Atrial cycle length (interval between two atrial activations) is usually variable and <200 ms (>300 BPM).
• Symptom-activated event recorders (30 day), Holter monitoring (24 h to 7 days), and implantable loop recorders can be used for AF diagnosis.
• AF may be categorized as paroxysmal (self-terminating), persistent (requiring electrical or pharmacological termination), or permanent (cardioversion impossible or futile).1
MANAGEMENT
• Management of patients with AF is directed at reducing symptoms by rate control, correction of rhythm disturbances, and prevention of thromboembolism. The management strategy should be discussed with the patient and should consider several factors:
• type and duration of AF
• severity and type of symptoms
• associated cardiovascular disease
• patient age
• associated medical conditions
• short-term and long-term treatment goals
• pharmacological and nonpharmacological therapeutic options.
• In a patient with asymptomatic persistent AF, attempts to restore sinus rhythm may not be needed.
• Prospective studies such as Rate Control Versus Electrical Cardioversion for persistent atrial fibrillation (RACE) and Atrial Fibrillation Follow-up Investigation of Rhythm Management (AFFIRM) showed that patients who tolerated rate-controlled AF had outcomes similar to those randomized to rhythm control.5,6
• None of the major trials demonstrated any significant difference in the quality of life with ventricular rate control compared to rhythm control.
• Drugs and ablation are effective for both rate and rhythm control, and in special circumstances, surgery may be the preferred option.
• For rhythm control, drugs are typically the first choice, and radiofrequency ablation is a second-line choice. In some patients, especially the young with very symptomatic lone AF who need sinus rhythm, radiofrequency ablation may be preferred over drug therapy.2
• Patients with preoperative AF undergoing cardiac surgery face a unique opportunity.

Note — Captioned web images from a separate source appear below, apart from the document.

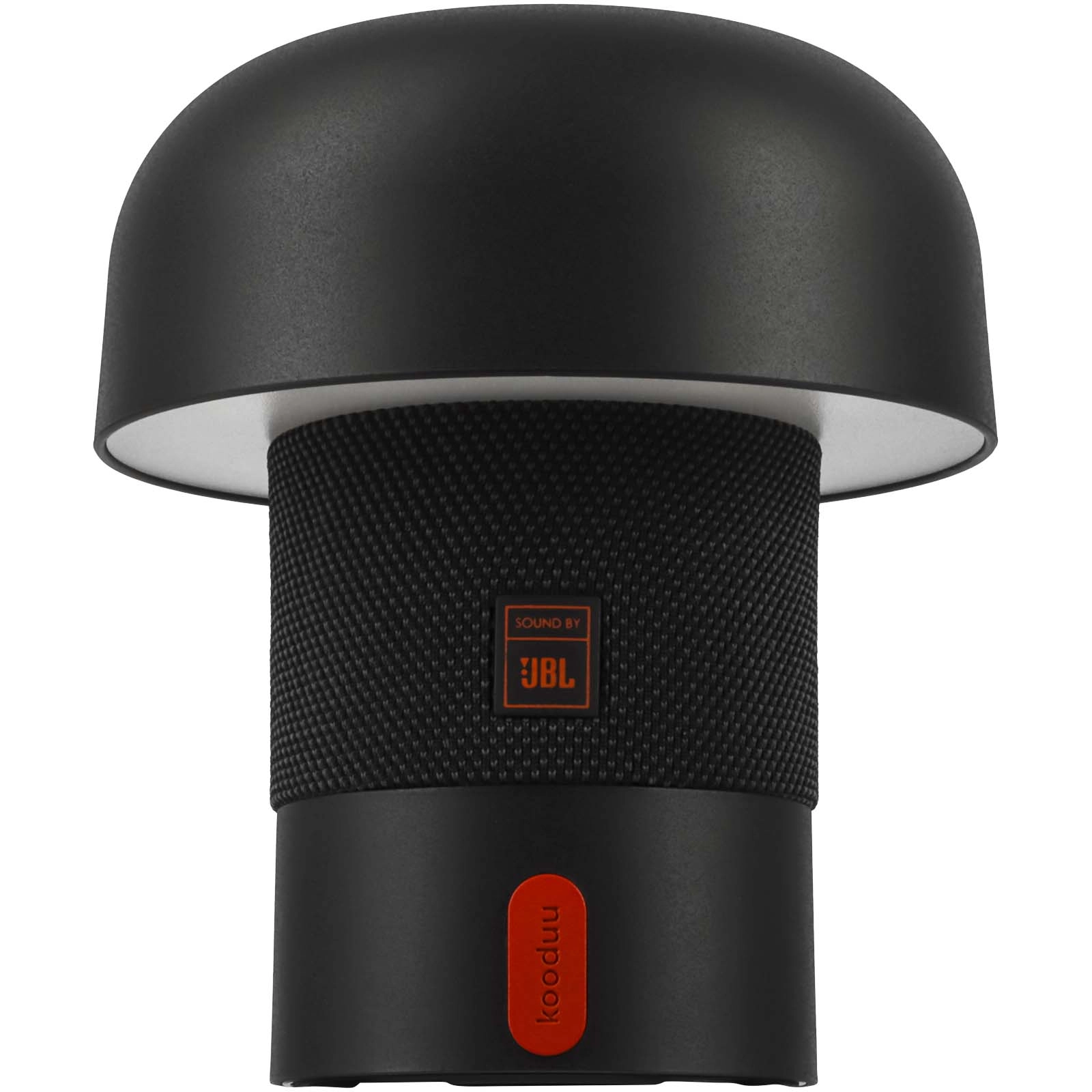 Immagine Altoparlante e lampada portatile Kooduu Sensa Play Mini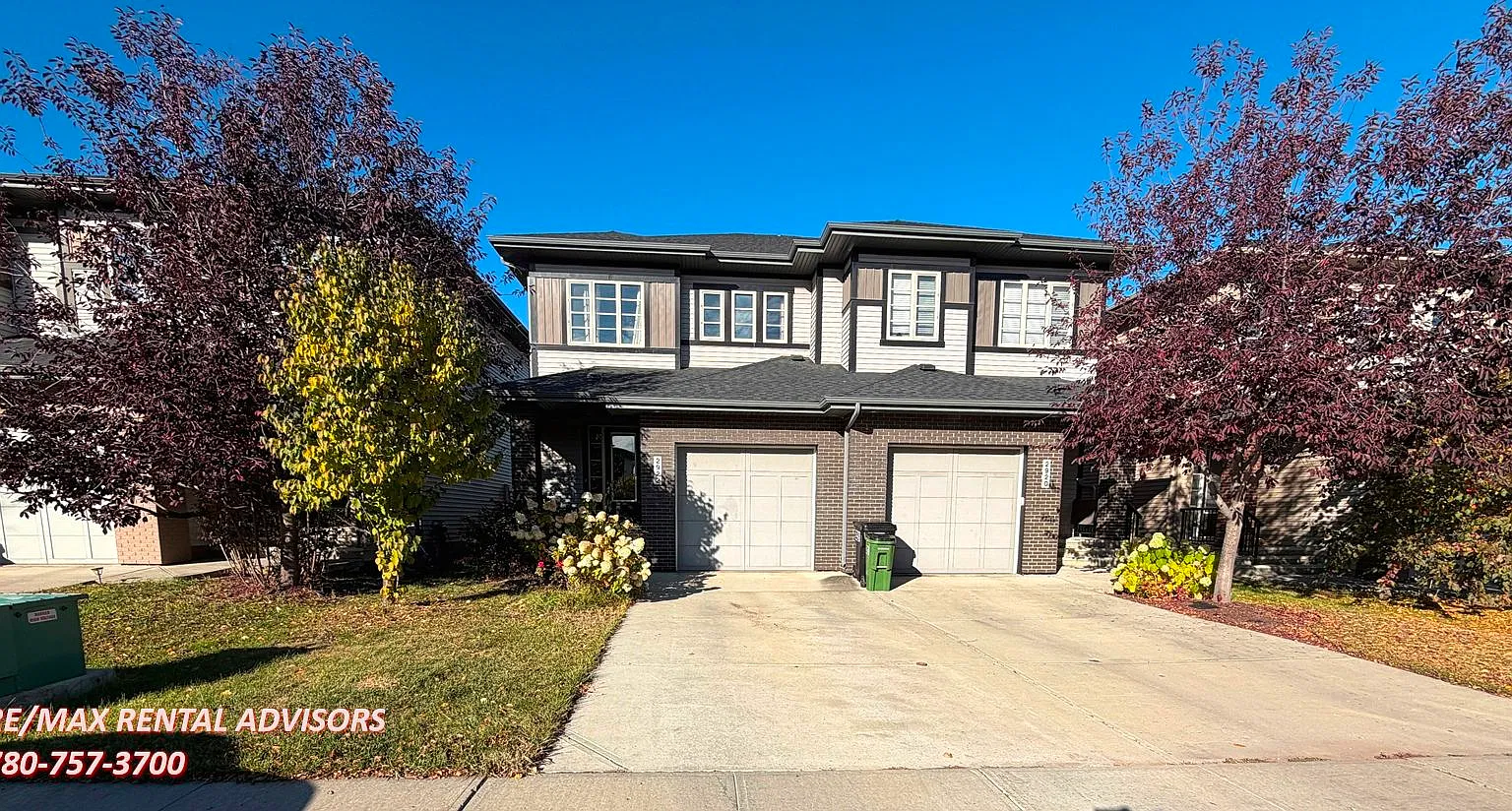 2922 Anderson Court Southwest — Photo 1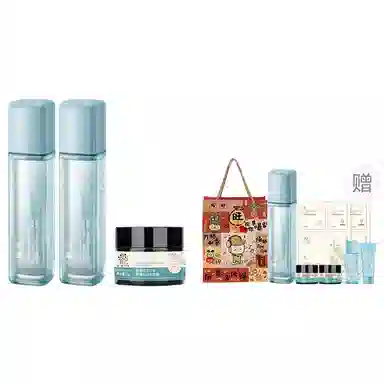 3.0 130ml+130ml4130ml+50ml2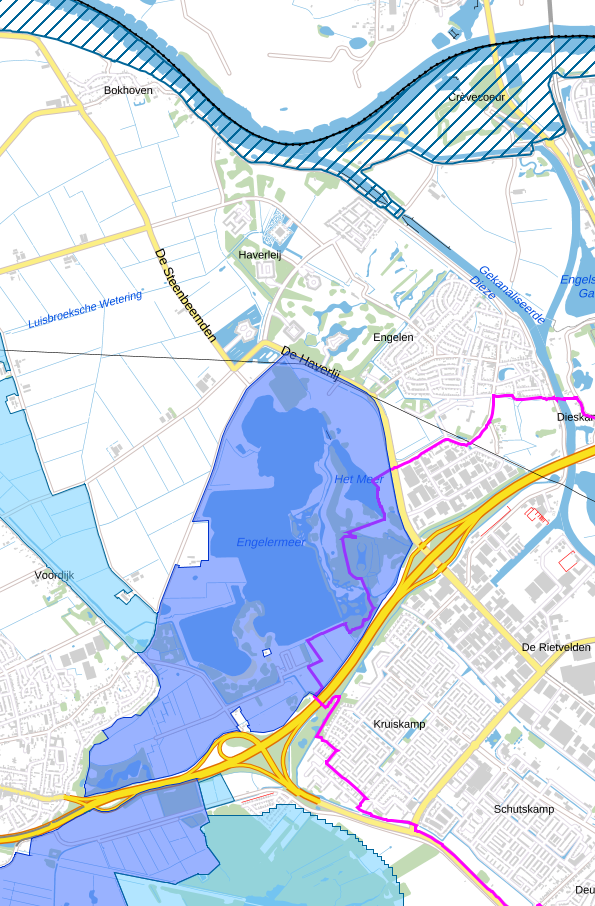 afbeelding "i_NL.IMRO.0797.DPOleiding-VG01_0009.png"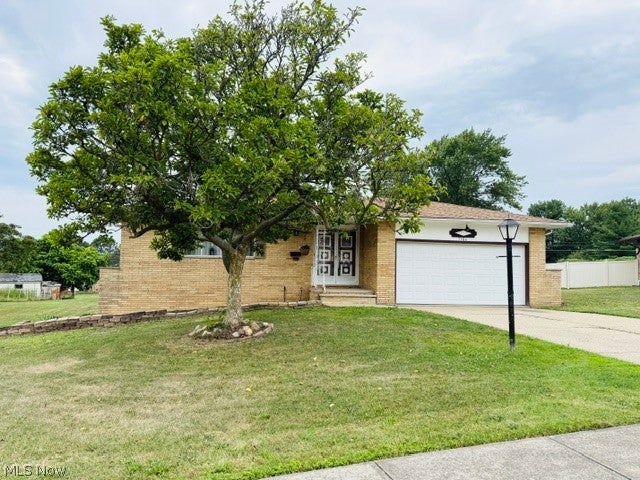 7586 S Tamarack Drive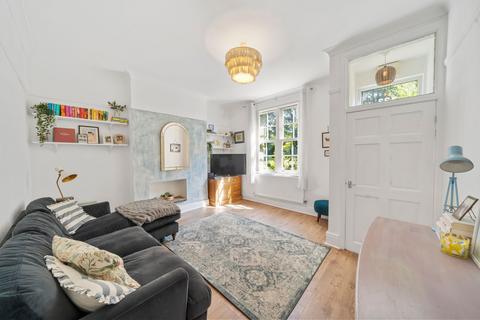 2 bedroom terraced house for sale, Wigan Road, Ashton-In-Makerfield, WN4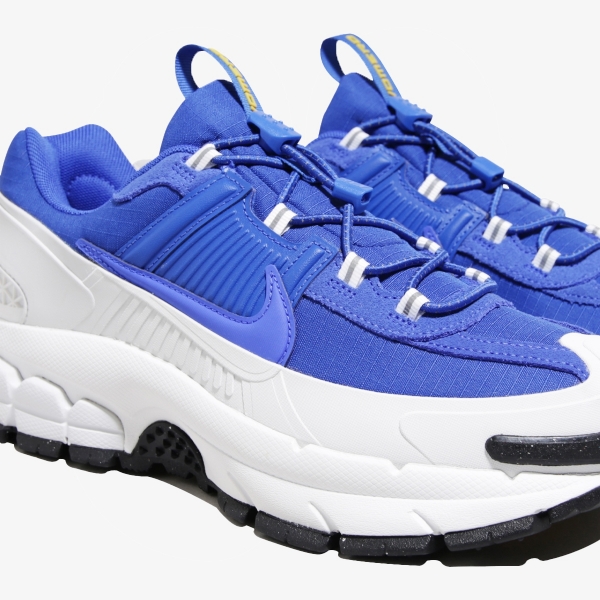 Tênis Nike Zoom Vomero Roam Racer "Blue"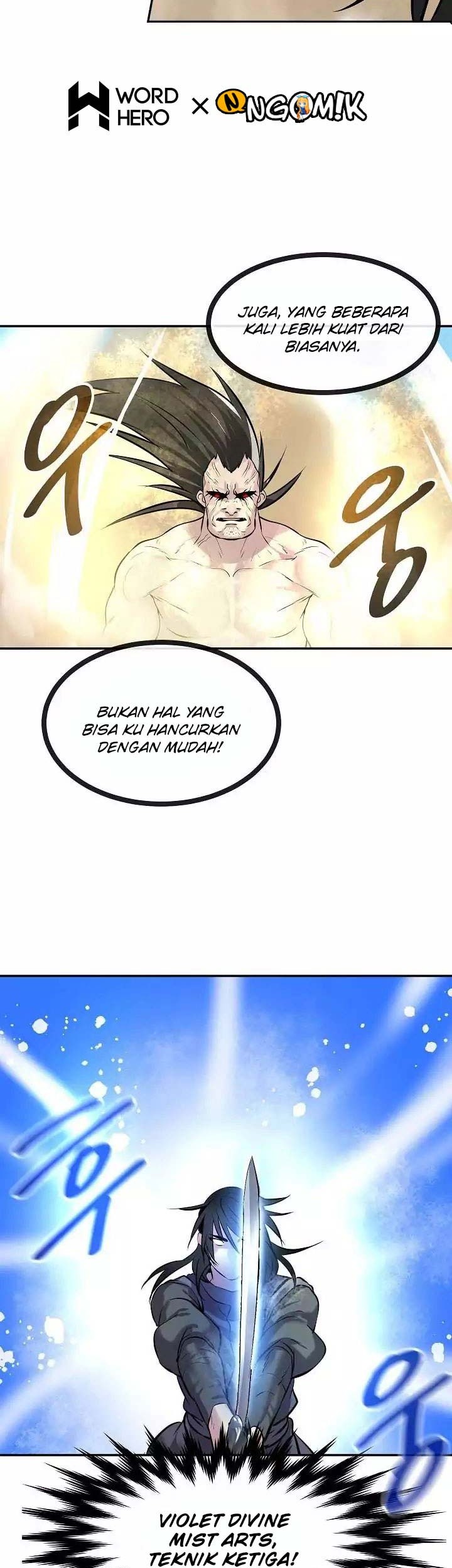 Halaman 31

While few patients are candidates for a stand-alone surgical procedure to cure AF using the MAZE procedure or LA ablation techniques, these approaches can be an effective adjunct to coronary bypass or valve surgery to prevent recurrent postoperative AF.
• Because the LAA is the site of over 95% of detected thrombi, this structure is often excluded from the circulation when possible during cardiac surgery in patients at risk of developing postoperative AF, although this has not been proven to prevent stroke.1
• Risk stratification for patients with nonvalvular AF is performed using the CHADS2 (Congestive heart failure, Hypertension, Age ≥75, Diabetes, Stroke [doubled]) risk assessment tool1 (Table 10-1-1).
• Another risk stratification schema is the CHA2DS2-VASc (Congestive heart failure/left ventricular dysfunction, Hypertension, Age ≥75 [doubled], Diabetes, Stroke [doubled]-Vascular disease, Age 65-74, and Sex category [female]) risk assessment tool.2
• Major risk factors are prior stroke, TIA, and older age (>75 years).
• Clinically relevant nonmajor risk factors include heart failure, moderate to severe systolic LV dysfunction (LVEF <40%), hypertension, age 65 to 74 years, diabetes, female sex, and vascular disease (MI, peripheral artery disease, complex aortic plaque).
• There is a clear relationship between the CHA2DS2-VASc score and stroke rate.
• In patients with a CHA2DS2-VASc score of 2 or more, chronic anticoagulation therapy is recommended unless contraindicated.
• An assessment of bleeding risk should be a part of the patient assessment before starting anticoagulation. It is reasonable to use the HAS-BLED score (Hypertension, Abnormal renal/liver function, Stroke, Bleeding history or predisposition, Labile INR, Elderly (more than 65-years old), Drugs or alcohol use) to assess the bleeding risk in atrial fibrillation patients.